=== Section Start ===
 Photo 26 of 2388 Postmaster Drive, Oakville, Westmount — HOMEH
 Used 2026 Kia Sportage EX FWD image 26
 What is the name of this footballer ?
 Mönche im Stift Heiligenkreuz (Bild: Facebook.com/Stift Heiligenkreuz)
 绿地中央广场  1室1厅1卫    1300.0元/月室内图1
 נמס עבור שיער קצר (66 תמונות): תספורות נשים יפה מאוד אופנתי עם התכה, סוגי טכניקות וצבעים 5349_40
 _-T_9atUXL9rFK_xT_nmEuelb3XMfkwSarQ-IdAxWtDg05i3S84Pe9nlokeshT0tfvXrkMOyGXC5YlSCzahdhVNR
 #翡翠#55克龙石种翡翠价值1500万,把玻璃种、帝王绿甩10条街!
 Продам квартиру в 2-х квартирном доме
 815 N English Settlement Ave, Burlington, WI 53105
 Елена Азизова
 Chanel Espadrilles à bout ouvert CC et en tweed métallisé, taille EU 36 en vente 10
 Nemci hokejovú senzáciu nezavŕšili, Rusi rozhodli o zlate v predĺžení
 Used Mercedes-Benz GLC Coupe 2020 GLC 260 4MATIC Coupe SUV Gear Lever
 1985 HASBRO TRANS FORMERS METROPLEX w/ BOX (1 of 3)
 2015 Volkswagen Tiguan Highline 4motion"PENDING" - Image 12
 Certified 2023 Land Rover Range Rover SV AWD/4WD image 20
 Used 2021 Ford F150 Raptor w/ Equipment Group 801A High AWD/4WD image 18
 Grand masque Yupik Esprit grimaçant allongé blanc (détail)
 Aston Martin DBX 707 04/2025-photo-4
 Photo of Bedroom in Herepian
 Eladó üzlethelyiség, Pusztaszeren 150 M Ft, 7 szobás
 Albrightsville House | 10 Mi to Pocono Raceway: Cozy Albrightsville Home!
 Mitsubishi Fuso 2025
=== Section End ===
# Exercise description:
All entries are to be copied exactly as they read.

# Task response:
 Photo 26 of 2388 Postmaster Drive, Oakville, Westmount — HOMEH
 Used 2026 Kia Sportage EX FWD image 26
 What is the name of this footballer ?
 Mönche im Stift Heiligenkreuz (Bild: Facebook.com/Stift Heiligenkreuz)
 绿地中央广场  1室1厅1卫    1300.0元/月室内图1
 נמס עבור שיער קצר (66 תמונות): תספורות נשים יפה מאוד אופנתי עם התכה, סוגי טכניקות וצבעים 5349_40
 _-T_9atUXL9rFK_xT_nmEuelb3XMfkwSarQ-IdAxWtDg05i3S84Pe9nlokeshT0tfvXrkMOyGXC5YlSCzahdhVNR
 #翡翠#55克龙石种翡翠价值1500万,把玻璃种、帝王绿甩10条街!
 Продам квартиру в 2-х квартирном доме
 815 N English Settlement Ave, Burlington, WI 53105
 Елена Азизова
 Chanel Espadrilles à bout ouvert CC et en tweed métallisé, taille EU 36 en vente 10
 Nemci hokejovú senzáciu nezavŕšili, Rusi rozhodli o zlate v predĺžení
 Used Mercedes-Benz GLC Coupe 2020 GLC 260 4MATIC Coupe SUV Gear Lever
 1985 HASBRO TRANS FORMERS METROPLEX w/ BOX (1 of 3)
 2015 Volkswagen Tiguan Highline 4motion"PENDING" - Image 12
 Certified 2023 Land Rover Range Rover SV AWD/4WD image 20
 Used 2021 Ford F150 Raptor w/ Equipment Group 801A High AWD/4WD image 18
 Grand masque Yupik Esprit grimaçant allongé blanc (détail)
 Aston Martin DBX 707 04/2025-photo-4
 Photo of Bedroom in Herepian
 Eladó üzlethelyiség, Pusztaszeren 150 M Ft, 7 szobás
 Albrightsville House | 10 Mi to Pocono Raceway: Cozy Albrightsville Home!
 Mitsubishi Fuso 2025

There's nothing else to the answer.